Please. Please be where I need you.
“I have a counteroffer,” Seraphina proposed, speaking over her adversary. Each word that unfurled from her lips was frosted with all the disdain she could muster for this man—this man who thought he could bully her into committing bigamy to suit his own ambitions.
Out of the corner of her eye, she spotted some movement from the grove in the distance.
Her heart threatened to wing straight from her chest at the sight.
“Lord Threston,” she continued, lifting her chin, “I stand ready to accept your surrender. If you and your son, Bennett, fling yourselves on my mercy here and now, your lives will be spared. You will be bound in irons and escorted back to Goldreach, where you will await a trial before an assembly of your peers at a time of my choosing.”
Silence blanketed their quartet for the span of a single heartbeat before a laugh exploded from Coreto’s throat. “And why would I possibly surrender to you?” he asked, his gaze sweeping across her and Olivia. With that single look, he clearly dismissed them both. “You and your Spymaster pose no threat to me.”
Olivia offered up a lazy smile. “Want to bet on that?”
“On the contrary,” Seraphina murmured again, relishing the taste of those five little syllables on her tongue. “We pose every threat to you. As you and I have already agreed, Your Grace, the north answers to me and me alone.” With a wave of her hand, she gestured toward the horizon. “Or do you truly think what meager army you have raised in the past week can stand against the full force of the northern armies?”
The blast of a horn rumbled like thunder in the distance, drawing Coreto’s attention toward the grove, toward the crack of the black banners emblazoned with the silver varhound of House Umberly snapping in the wind. Horsemen shifted beneath the deepening shadows of the trees, black tabards covering their breastplates.
For a moment, she almost believed the lie herself.
“Father…” Lord Bennett softly urged.
Far behind the duke, no doubt awaiting his orders, the midlands lords stirred. Their horses whinnied.
A muscle in Coreto’s jaw ticked. “You are bluffing,” the duke hissed, his attention snapping back her way. “You do not have the numbers to defeat me on the open field, and so you are bluffing. That cannot be Lord Cyneric’s full force. My scouts have reported no sightings of his armies this far south. He cannot possibly be here already.”
“And yet he is!” Seraphina shouted over the sound of her own pulse roaring in her ears.Bluffing. Coreto knew she was bluffing.
She glanced past him toward the other traitors, just in time to see the Baron of Leinor wheeling his horse around and riding hard in the opposite direction.
Leaving. One of Coreto’s allies was already leaving.

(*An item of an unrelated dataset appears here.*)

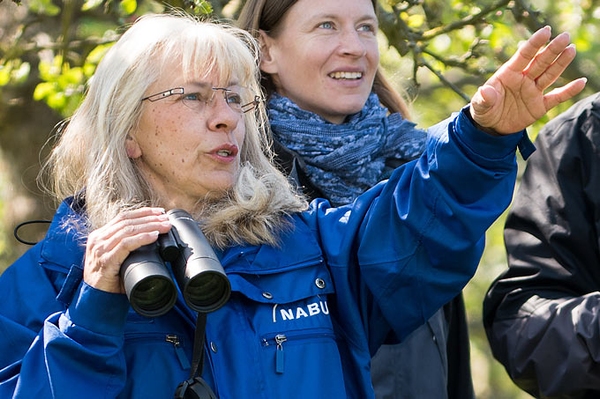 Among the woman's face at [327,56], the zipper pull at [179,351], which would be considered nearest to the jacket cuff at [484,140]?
the zipper pull at [179,351]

Her smile deepened. “Your co-conspirators are abandoning you, Lord Threston. Running. Shall you join them? Do you think you can truly outrun a varhound let off its lead?” She skimmed the duke from head to toe, watching him blanch, examining the way his hands tightened on his horse’s reins.
She could nearly hear the gears whirring in his head.
Calculating his chances of survival.
“Boys in the north fell dire bears for mere sport,” she reminded him, trying to drive the point home for the sake of his imagination. “You and your soldiers do not stand a chance against grown northern men.”
The duke’s eyes narrowed, pure malice shining in their depths. Finally, he spoke. “Even if you do arrest me here, girl, even if you do make me and my son stand trial—there is no lord in all Elmoria who will find us guilty of treason save for those in your own pocket. Even if you win here, you will still lose.”
Seraphina’s jaw hardened. “Even those pathetic traitors behind you will name you guilty once I promise to carve up your lands and award them each a parcel like a Wintertide gift.” Raising her voice, she shouted into the freezing wind, “Your time is up, Lord Threston. Surrender or die. Those are your only options.”
Behind the duke, another lord peeled away with his guard and rode hard in the opposite direction.
More urgently, Lord Bennett hissed, “Father, please.”
Coreto gritted his teeth and glanced between her and the false northern forces lingering on the horizon, clearly questioning his scouts’ reports. Clearly doubting his own resolve.
“Now,” Seraphina barked. She had to break him now before he reconsidered, before he looked too closely and realized the men in the grove had no varhounds with them. “Surrender to me now, or I will give the order for the army to advance.”
But still, Coreto said nothing. Still, he hesitated.
“Father!” Lord Bennett shouted, imploring, pleading.
“Very well,” she whispered, passing her reins to a one-handed grip and lifting her arm as if to give some manner of signal. “I see you value your pride more than yours and your son’s lives…”
Before she could blink, the duke lunged for her, driving his horse forward—like a wild animal cornered at last. His hand snaked out and snatched her reins straight from her grip. “Call off your army!” he snarled.